Popularity:279 ℃/2024-08-13 09:07:59

preamble

Recently, I finished watching a documentary released by the Tencent Cloud communityThe Past and Present Life of China's Database, one of the segments made me chuckle. The documentary mentions that when cloud databases were first emerging, the biggest challenge came not from competitors, but from users who chose to build their own databases on cloud servers.

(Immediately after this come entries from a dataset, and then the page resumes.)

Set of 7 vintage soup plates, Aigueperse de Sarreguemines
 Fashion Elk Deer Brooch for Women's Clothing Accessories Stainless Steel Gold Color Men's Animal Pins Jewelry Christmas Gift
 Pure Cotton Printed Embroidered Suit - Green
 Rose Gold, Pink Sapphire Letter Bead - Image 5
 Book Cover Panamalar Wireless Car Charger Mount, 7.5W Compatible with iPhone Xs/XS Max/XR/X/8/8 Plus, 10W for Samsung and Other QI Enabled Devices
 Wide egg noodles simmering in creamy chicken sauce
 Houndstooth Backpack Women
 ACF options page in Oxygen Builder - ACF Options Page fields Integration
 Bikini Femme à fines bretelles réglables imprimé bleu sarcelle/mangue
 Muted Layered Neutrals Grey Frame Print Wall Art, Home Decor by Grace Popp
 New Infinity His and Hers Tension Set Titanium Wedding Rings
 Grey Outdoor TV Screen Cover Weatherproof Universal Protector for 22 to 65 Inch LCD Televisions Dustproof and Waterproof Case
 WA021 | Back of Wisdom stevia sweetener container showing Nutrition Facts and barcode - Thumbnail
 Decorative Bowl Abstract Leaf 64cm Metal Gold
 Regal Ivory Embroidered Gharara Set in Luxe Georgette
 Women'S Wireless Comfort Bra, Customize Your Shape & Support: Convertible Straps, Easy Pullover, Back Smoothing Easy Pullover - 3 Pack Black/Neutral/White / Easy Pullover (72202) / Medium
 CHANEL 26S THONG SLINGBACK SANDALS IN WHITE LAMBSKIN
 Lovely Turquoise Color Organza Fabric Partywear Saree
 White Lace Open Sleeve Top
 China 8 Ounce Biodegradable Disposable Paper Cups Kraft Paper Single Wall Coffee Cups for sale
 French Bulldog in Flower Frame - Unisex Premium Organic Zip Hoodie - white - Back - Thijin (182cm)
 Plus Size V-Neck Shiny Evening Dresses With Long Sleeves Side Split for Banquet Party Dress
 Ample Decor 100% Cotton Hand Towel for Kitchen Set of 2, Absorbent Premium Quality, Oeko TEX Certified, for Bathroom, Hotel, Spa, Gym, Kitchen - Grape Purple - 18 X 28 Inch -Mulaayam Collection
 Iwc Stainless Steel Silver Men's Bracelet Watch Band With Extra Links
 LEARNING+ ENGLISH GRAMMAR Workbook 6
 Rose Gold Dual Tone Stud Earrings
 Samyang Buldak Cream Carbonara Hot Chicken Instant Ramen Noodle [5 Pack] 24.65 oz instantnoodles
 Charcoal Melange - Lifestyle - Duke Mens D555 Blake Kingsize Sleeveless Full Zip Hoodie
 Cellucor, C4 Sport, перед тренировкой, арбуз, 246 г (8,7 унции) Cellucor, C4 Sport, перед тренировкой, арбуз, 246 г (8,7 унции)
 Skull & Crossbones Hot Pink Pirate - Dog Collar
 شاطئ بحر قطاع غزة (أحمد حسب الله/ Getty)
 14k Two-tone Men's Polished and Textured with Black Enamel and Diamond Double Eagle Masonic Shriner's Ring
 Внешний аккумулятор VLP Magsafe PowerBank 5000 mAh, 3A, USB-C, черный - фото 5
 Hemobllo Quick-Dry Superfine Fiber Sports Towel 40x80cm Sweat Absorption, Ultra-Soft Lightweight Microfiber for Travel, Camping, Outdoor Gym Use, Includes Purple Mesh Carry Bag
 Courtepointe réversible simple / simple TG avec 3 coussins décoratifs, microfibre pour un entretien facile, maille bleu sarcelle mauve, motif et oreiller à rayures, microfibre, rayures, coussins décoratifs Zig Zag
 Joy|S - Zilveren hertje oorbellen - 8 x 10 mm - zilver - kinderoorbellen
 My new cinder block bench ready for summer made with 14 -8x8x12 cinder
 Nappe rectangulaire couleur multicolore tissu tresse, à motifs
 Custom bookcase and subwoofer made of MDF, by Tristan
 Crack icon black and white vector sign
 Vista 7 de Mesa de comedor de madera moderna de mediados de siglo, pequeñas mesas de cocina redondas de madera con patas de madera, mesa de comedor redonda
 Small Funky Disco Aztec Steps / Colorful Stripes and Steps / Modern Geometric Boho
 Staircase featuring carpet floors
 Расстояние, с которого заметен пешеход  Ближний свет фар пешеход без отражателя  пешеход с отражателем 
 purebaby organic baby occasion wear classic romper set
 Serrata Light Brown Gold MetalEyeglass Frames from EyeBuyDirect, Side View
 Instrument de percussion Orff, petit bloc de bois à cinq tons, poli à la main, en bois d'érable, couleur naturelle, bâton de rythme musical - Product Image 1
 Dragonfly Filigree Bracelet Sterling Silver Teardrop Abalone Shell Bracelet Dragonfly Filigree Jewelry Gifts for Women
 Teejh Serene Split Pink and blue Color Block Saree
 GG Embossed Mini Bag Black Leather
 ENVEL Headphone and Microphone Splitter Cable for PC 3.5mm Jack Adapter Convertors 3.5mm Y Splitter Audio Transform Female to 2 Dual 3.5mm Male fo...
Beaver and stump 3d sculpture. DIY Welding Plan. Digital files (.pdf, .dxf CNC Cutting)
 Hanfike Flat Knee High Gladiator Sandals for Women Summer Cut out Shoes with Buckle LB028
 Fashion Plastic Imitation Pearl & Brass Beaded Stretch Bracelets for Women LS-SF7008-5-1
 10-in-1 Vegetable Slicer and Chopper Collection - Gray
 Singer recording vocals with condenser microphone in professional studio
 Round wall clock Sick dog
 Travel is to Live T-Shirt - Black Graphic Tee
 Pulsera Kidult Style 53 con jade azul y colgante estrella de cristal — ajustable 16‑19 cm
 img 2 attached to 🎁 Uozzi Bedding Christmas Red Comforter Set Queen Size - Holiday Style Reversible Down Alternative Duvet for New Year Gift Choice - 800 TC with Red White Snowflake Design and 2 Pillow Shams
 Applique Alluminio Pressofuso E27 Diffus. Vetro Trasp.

I have many profound feelings about this documentary. From the journey of exploration of homegrown databases, to my personal experience in the database field, to the advanced technology of today's cloud-native databases, I have a lot of feelings. If you are also interested in this topic, feel free to read my other articles which cover more relevant explorations and insights.

Discussion on the development trend of domestic database:/guoxiaoyu/p/18295131

Personal experience of meeting and getting to know the database:/guoxiaoyu/p/18338820

A look at the history of storage and the future of data:/guoxiaoyu/p/18352499

Moving on from this topic, while I thought it was a bit of a funny statement at the time, it was only after I delved into the differences between cloud databases and self-built solutions that I realized the context of this perception. Since cloud databases were not yet commonplace, many people mistakenly thought that cloud databases were nothing more than building open source MySQL or other databases on cloud servers and then having to pay extra for them. So, they would think, if that's the case, why not just rent a server on the cloud and maintain the database themselves?

We can delve into the advantages and disadvantages of self-built databases and cloud databases. The traditional self-built database model requires companies to build their own hardware facilities and maintain software systems, and as business expands, this model gradually exposes the problems of high cost, lack of scalability and difficulty in maintenance.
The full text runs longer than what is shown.